Doveva essere lo studio “definitivo” in materia di doppio canale, quello che – al di là di ogni dubbio – avrebbe sentenziato una volta per tutte quale via di distribuzione tra convenzionata, dpc e diretta va preferita alle altre, in quali casi e perché. Invece, la ricerca condotta da Giuseppe Turchetti, docente di Economia e management della Scuola superiore Sant’Anna di Pisa, per conto del tavolo che Sifo e sigle della filiera farmaceutica (Federfarma, Fofi, Assofarm, Adf, Federfarma Servizi, Farmacieunite, più la partecipazione esterna di Cittadinanzattiva) avevano insediato un anno fa su proposta dei farmacisti ospedalieri proprio con l’obiettivo di misurare fino allo “zero virgola” i veri costi, economici e sociali, delle tre opzioni distributive, rischia l’inconcludenza.

Questa almeno è l’impressione che scaturisce dall’ultima riunione del tavolo, convocata martedì scorso (16 gennaio) per discutere e analizzare collegialmente le prime evidenze del lavoro condotto da Turchetti. Evidenze ancora da mettere a fuoco e dettagliare, ha avvertito la delegazione della Sifo, ma i cui numeri hanno fatto fare un salto sulla sedia al resto del tavolo. E il motivo è presto detto: dalle cifre la diretta emerge come la forma distributiva quasi sempre più conveniente per il Ssn. Non solo: la convenzionata si fa preferibile soltanto quando il farmaco ha prezzo inferiore ai 20 euro e la dpc risulta quasi sempre più costosa della diretta, in media di addirittura quattro euro a confezione.

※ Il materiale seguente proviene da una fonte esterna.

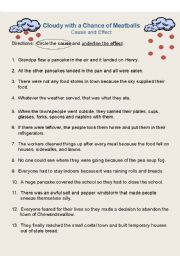 English Worksheet: Cause and Effect: Cloudy With a Chance of Meatballs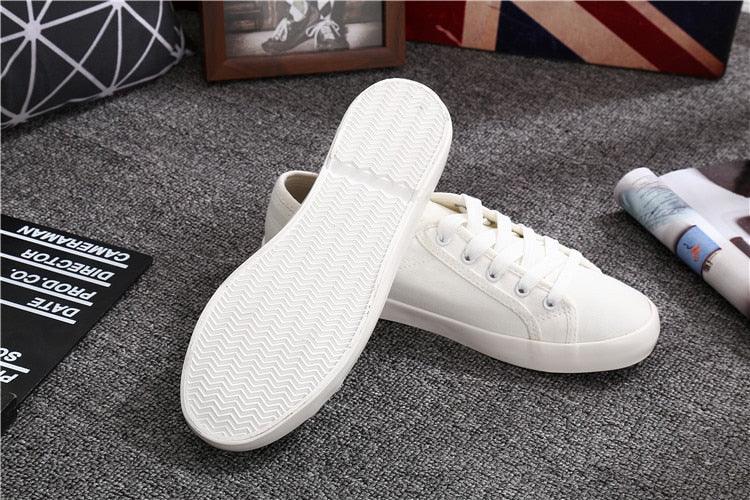 White Summer Womens Sneakers Trainers White Leather Canvas Shoes Tenis Classic Casual Cotton Slip On Canvas Comfortable Walking Flats Sneakers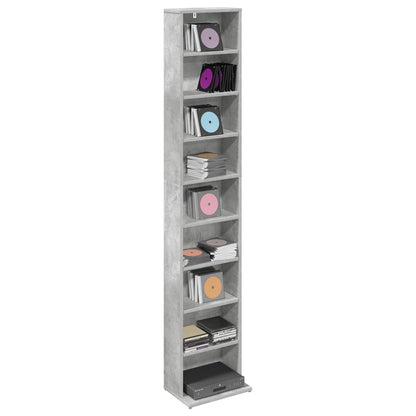 CD Cabinet Concrete Grey 33 x 23.5 x 175 cm Engineered Wood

Per giungere a tali conclusioni, ancora provvisorie come s’è detto, lo studio avrebbe esaminato minuziosamente i costi affrontati da ciascun canale: personale, magazzino, macchinari, immobilizzazione delle scorte eccetera. Devono ancora essere quantificati, invece, i costi a carico del cittadino, cioè il capitolo dell’indagine che alle sigle della farmacia più stava a cuore: la convinzione, infatti, è che se ai costi sostenuti dal Ssn si aggiungono quelli sociali – il tempo e il denaro spesi per andare a ritirare i farmaci all’Asl o all’ospedale, l’incidenza delle ore di lavoro perse sulla produttività del sistema-paese e così via – la distribuzione diretta perde ogni appetibilità.

Al tavolo la Sifo ha promesso che questa seconda serie di dati giungerà a breve, ma le rassicurazioni non hanno convinto gli altri partecipanti. Nella breve relazione che accompagnava le prime analisi, infatti, c’era scritto che «i costi di accesso per l’assistito sono difficili da quantificare correttamente», dunque «non si sommano al computo della scelta gestionale tra dpc e diretta». In altri termini, questi oneri sono «voci separate» che ciascun servizio sanitario regionale «potrà considerare dopo, e non insieme alla determinazione dei costi di gestione».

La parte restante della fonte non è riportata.